## Your assignment
The answer must reproduce the listing exactly, with every picture left out.

## Data block

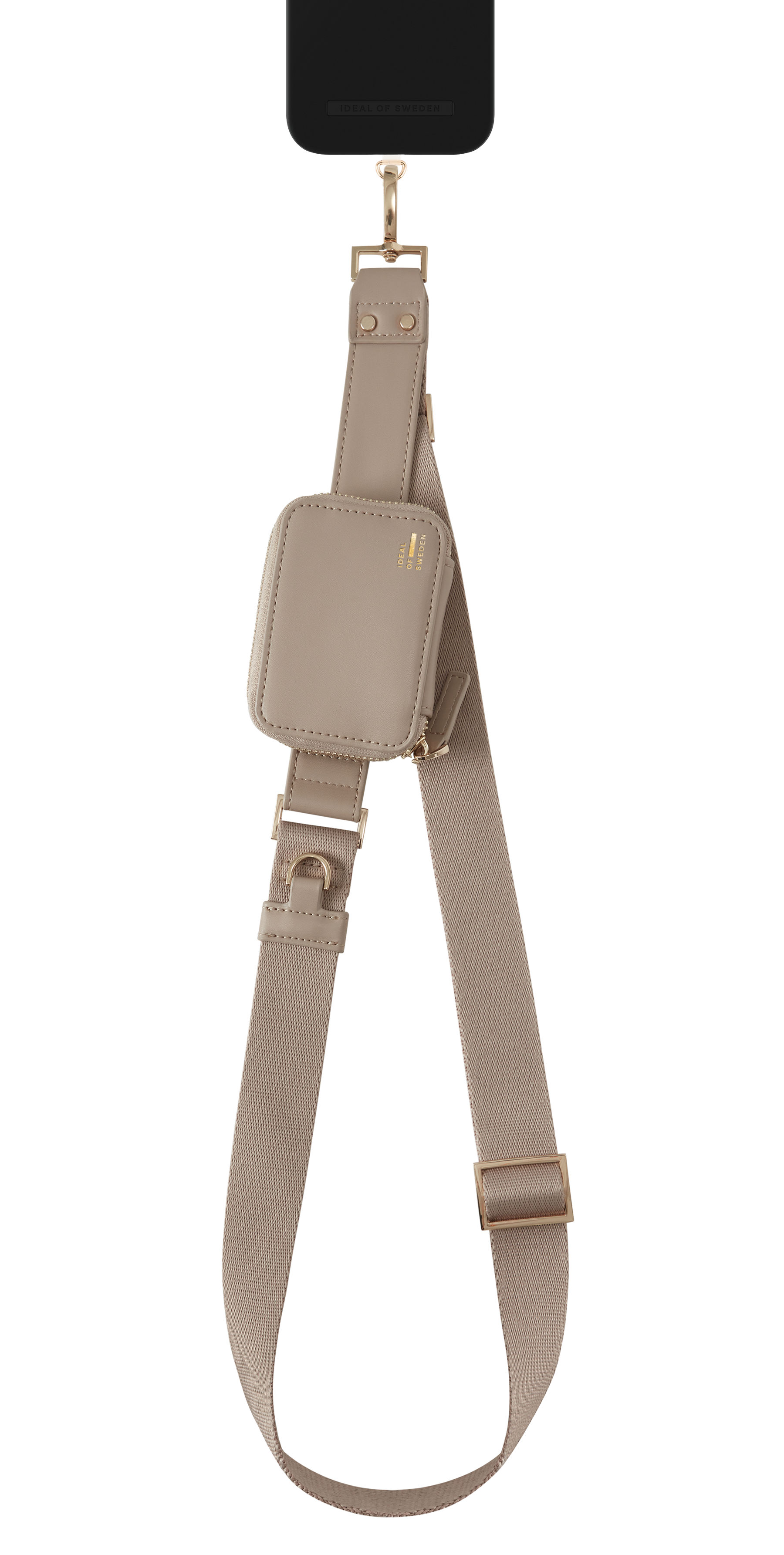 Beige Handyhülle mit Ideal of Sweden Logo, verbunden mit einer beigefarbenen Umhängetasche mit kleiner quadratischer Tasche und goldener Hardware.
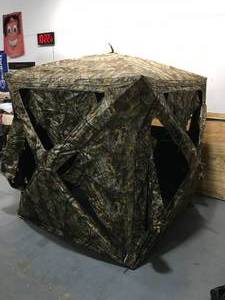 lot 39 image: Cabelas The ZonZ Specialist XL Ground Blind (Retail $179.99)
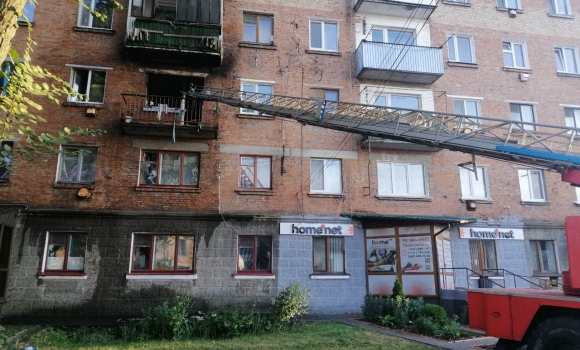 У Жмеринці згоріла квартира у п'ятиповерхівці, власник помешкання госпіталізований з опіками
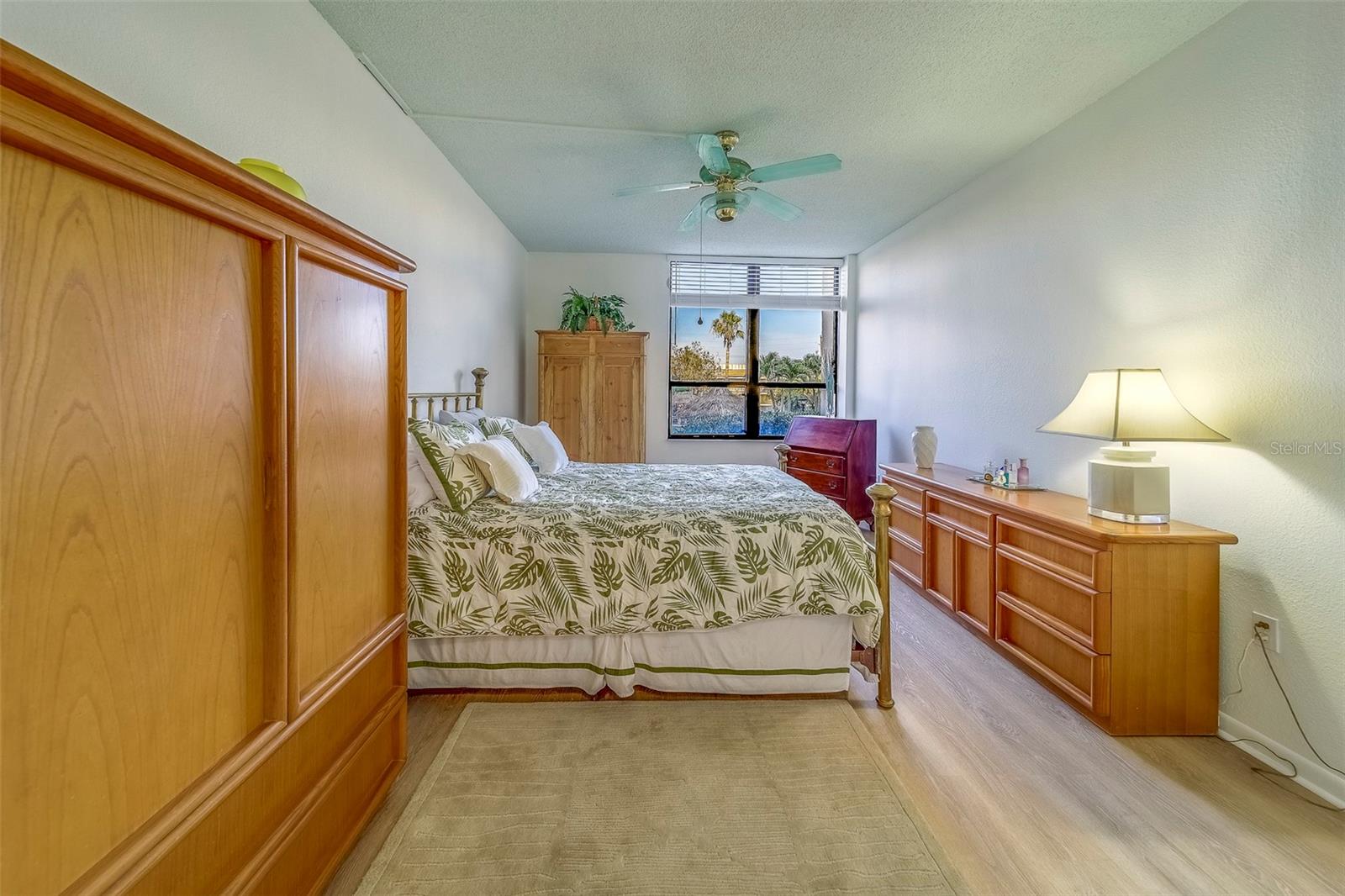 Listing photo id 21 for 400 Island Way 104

## Response
 Beige Handyhülle mit Ideal of Sweden Logo, verbunden mit einer beigefarbenen Umhängetasche mit kleiner quadratischer Tasche und goldener Hardware.
 lot 39 image: Cabelas The ZonZ Specialist XL Ground Blind (Retail $179.99)
 У Жмеринці згоріла квартира у п'ятиповерхівці, власник помешкання госпіталізований з опіками
 Listing photo id 21 for 400 Island Way 104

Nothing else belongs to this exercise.